Probably no one reading this column today would condone or accept such rhetoric, unless they were themselves avowed revolutionaries. But make no mistake about it, that rhetoric was standard fare on the campuses of the 1960s. For at least a decade, it was common college wisdom that America was evil and that you couldn’t “trust anyone over 30.”

Well, a lot of those folks over 30 were what we today call “the greatest generation,” the American men and women who sacrificed life, limb and our national treasure in order to preserve liberty for their children. It would no doubt take a major psychological study in order to ascertain what factors came into play in the post-war years to explain how the “greatest generation” allowed their children to rip apart everything they themselves had worked so hard to secure.

But for now we can simply surmise that the generation which had given up so much in order to ensure that their children would enjoy liberty’s bounty was also somehow psychologically circumscribed from imposing ANY significant restrictions on that precious liberty, and thus created a generation characterized by an overwhelming sense of entitlement, narcissism, and ultimately ingratitude. For lack of a better name, call it the Bill Ayers Generation.

The “older generation” no doubt didn’t understand the Bill Ayers Generation, and that probably went for Ayers’ own father, too. Thomas G. Ayers was president and later chairman and CEO of Commonwealth Edison. In other words, he was a major industrialist, and part of the system of capital and wealth creation that his son and the Weather Underground sought to topple. Again, the psychological implications are enormous, and the story of the Ayers family was no doubt duplicated in millions of other Baby Boomer families across the nation.

By letting their children do whatever they wanted instead of grounding them in the same wholesome principles with which they themselves had been raised, the “greatest generation” was engendering a generation of experimentation, rebellion and decay. The children and grandchildren of that generation are the ones left holding the bag these 50 years later, and the bag is empty rhetoric. “Hope and change” has replaced “blood, sweat and tears.”

Of course, the people who have been selling hope and change for the past 50 years, in one form or another, are hopeful that you will not notice the gap between reality and rhetoric.

They are also no doubt hopeful you will not follow the trail of evidence that links progressive education, revolutionary politics and the decline of America, but it’s all laid out in plain sight — often in the words of Bill Ayers himself.

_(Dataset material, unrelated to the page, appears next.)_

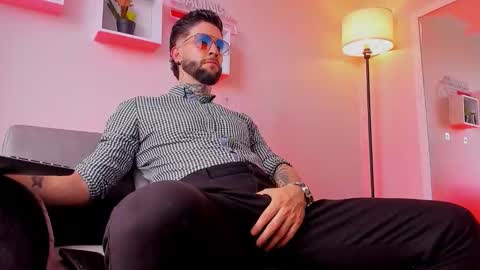 supreme_alpha_ online show from 26, 11, 2025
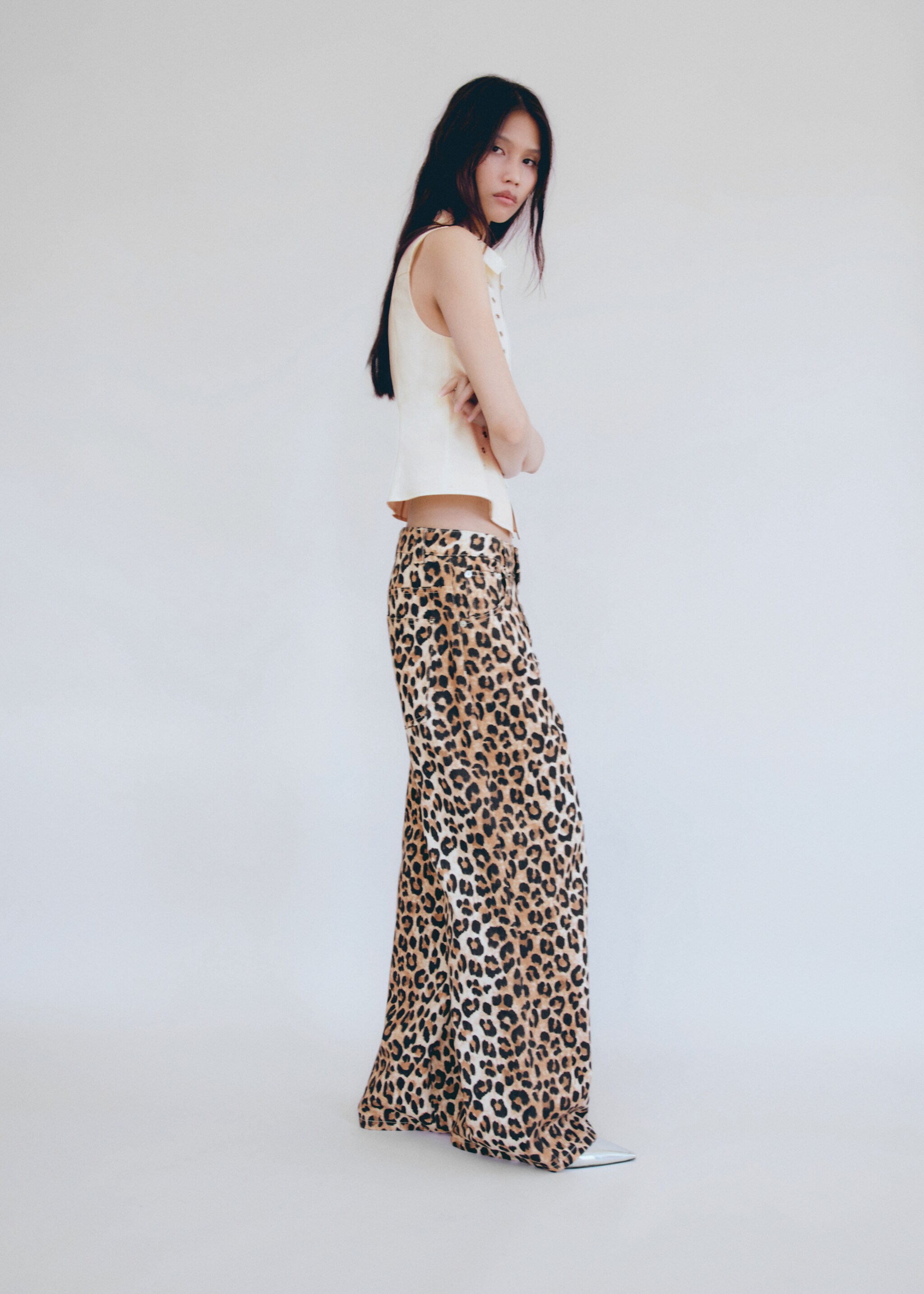 Wideleg-Jeans mit Leopardenmuster - Mittlere Ansicht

Ayers was a key author of “Prairie Fire: The Politics of Revolutionary Imperialism,” which was distributed while he was a fugitive from federal charges in 1974.

There is much to learn in this book, which candidly describes the plan for revolution in America, but let’s just close with what the book tells us about education, the field which Ayers entered in 1966 and in which he later became a distinguished professor with a wide influence on contemporary pedagogic thinking.

Here, in a discussion of “busing” students to achieve racial “equality,” Ayers and his co-authors give away the game:

“The real question is: Who will control the schools? The design of the state is control of the child’s education, whether in the integrated or segregated school.”

That was the real question, and it still is: “Who will control the schools?”

Bill Ayers tried and failed at violent revolution, but he never lost sight of his goal — he just changed tactics. In an assessment of the Cuban Revolution in “Prairie Fire,” the authors noted that, “The revolution has launched an offensive to transform education and culture into powerful revolutionary tools.”

In future columns, we will explore just how Ayers and his colleagues launched an offensive in the 1960s and beyond to “transform education and culture into powerful revolutionary tools” right here in America, and how they succeeded.